The topic has been raised again this year because Virginia Rometty is the new chief executive officer of IBM, and the company’s four most recent CEOs reportedly have been Augusta members.
It follows that Tour commissioner Tim Finchem was asked about how the Tour views its discriminatory policy.
After saying the Tour carefully follows a policy in which it will not have co-sanctioned events at clubs not open to minority and female members, he in effect said the Masters gets an exemption.
“We have concluded a number of times now ... that we are not going to give up the Masters as a tournament on our tour,” Finchem said. “It’s too important. And so at the end of the day, the membership of that club will have to determine their membership. They are not doing anything illegal.
“We just elect to continue to recognize them as an official-money event on the PGA Tour because we think that it’s important to golf. . . . I know some people don’t like that position, and I appreciate that and I understand their reasoning, but that’s the decision we’ve made.”
I don’t like the fact that Augusta National gets a pass. I don’t like that the private club with public connections through the Masters hasn’t evolved to the point of admitting a female member. I don’t agree with the Tour’s double standard, its looking the other way in regard to the Masters.
And I don’t like that Finchem said a golf tournament is more important than a discriminatory practice.
But I understand where he’s coming from. And I appreciate his candor. If nothing else, he was honest with the “It’s too important” stand. He had guts to say that instead of skirting an issue, as he has done deftly in the past.
It’s too important.
Roll that around and think about it.
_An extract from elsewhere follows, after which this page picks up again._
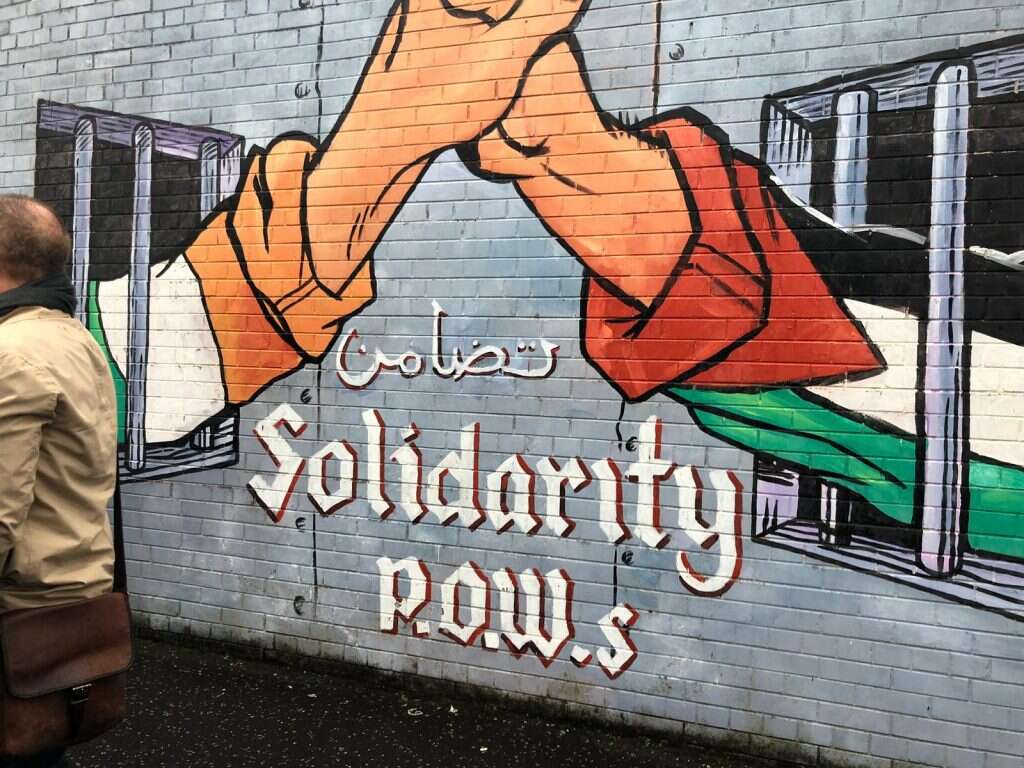 ציורי קיר על החומה שמפרידה בין השכונות הקתוליות והפרוטסטנטיות. הצד הקתולי של החומה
Here’s what Finchem didn’t say.
It’s too important because Augusta National is full of captains of industry and the PGA Tour asks such captains of industry to write $7 million checks to sponsor Tour events.
It’s too important because Tour players probably would revolt if their organization suddenly said the Masters no longer would be an official-money event.
It’s too important because Augusta National donates a lot of money to The First Tee, one of the Tour’s babies.
It’s too important because the Masters is arguably the most popular tournament on the Tour schedule.
So score one for the importance of power and money.